Vor 40 Jahren brach der brasilianische Wunderstürmer seinem
deutschen Gegenspieler Willi Giesemann aus Frust das Bein

von Jens Anker (Die WELT, 25. Juni 2005)

Willi Giesemann sitzt auf einem Stuhl und hat den Arm auf den Tisch gelehnt, um das schlimme Bein zu entlasten. "Ich denke nie zurück", sagt er. "Das ist nichts für mich." Ein paar Minuten tut er es dann doch.
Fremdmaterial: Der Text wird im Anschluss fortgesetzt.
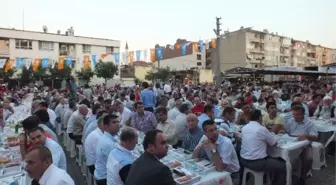 AK Parti İstanbul İl Başkanlığı Hayrabolu'da İftar Yemeği Verdi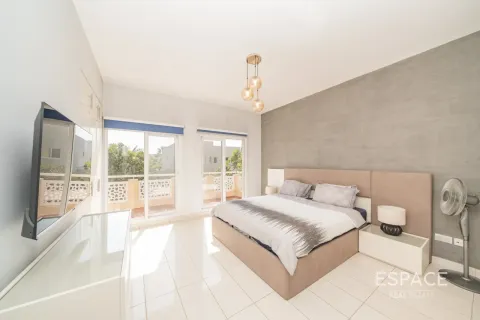 Vila v Meadows, Dubai, SAE 5 ložnice, 354 m² Č.: 738438 - fotografie 7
Der 67jährige sitzt leicht nach vorn gebeugt, zwei flinke Augen beobachten das Geschehen, dabei zieht er die linke Braue leicht nach oben. "Rio war schon großartig", sagt er. Er spricht von jenem Abend, als die deutsche Fußball-Nationalmannschaft am 6. Juni 1965 auf ihrer Südamerika-Reise im legendären Maracana-Stadion in Rio de Janeiro gegen Brasilien antrat. Er war dabei.

Giesemann wurde in der zweiten Halbzeit eingewechselt. Es sollte ein schicksalhaftes Zusammentreffen des deutschen Verteidigers mit den gegnerischen Stürmern werden. Zusammen mit Willi Schulz schaltete Giesemann, den alle Welt nur "Tille" ruft, die brasilianischen Angreifer Pelé und Garrincha aus. 42 Minuten lang gelang den Ballzauberern vor heimischem Publikum kein Tor. Dann brach Pelé dem linken Läufer Giesemann das Bein. Sechs Minuten später schoß derselbe Pelé in der Nachspielzeit das entscheidende 2:0. Die 143.000 Zuschauer tobten. Während Pelé mit diesem Gewaltakt seinen Ruf als Wunderstürmer untermauerte, senkte sich für Giesemann der Fußballstern. Er spielte nie wieder in der Nationalmannschaft. Drei Jahre später verließ er die Fußballbühne als Sportinvalide.

"Maracana ist wie eine Oper", sagt Giesemann heute. "Die Menschen, der Lärm, schon wenn du aus den Katakomben von unten in das Stadion einläufst - einmalig." Die Deutschen waren mit dem Vorsatz gekommen, sich nicht wie Belgien wenige Tage zuvor beim 0:5 vorführen zu lassen. Entsprechend entschlossen stellten sie sich den Brasilianern in den Weg. Der überragende Tilkowski hielt einen Elfmeter.

Dennoch ging Brasilien unter dem Gejohle der Fans durch einen Kopfball von Flavio in der 26. Minute in Führung. Giesemann verfolgte das Geschehen auf der Bank. Wenige Minuten später ließ Pelé seinen Frust zum ersten Mal freien Lauf. Keine Chance hatte die deutsche Verteidigung dem jähzornigen Halbstürmer zugelassen. Er trat den am Boden liegenden Verteidiger Horst-Dieter Höttges auf den Oberarm.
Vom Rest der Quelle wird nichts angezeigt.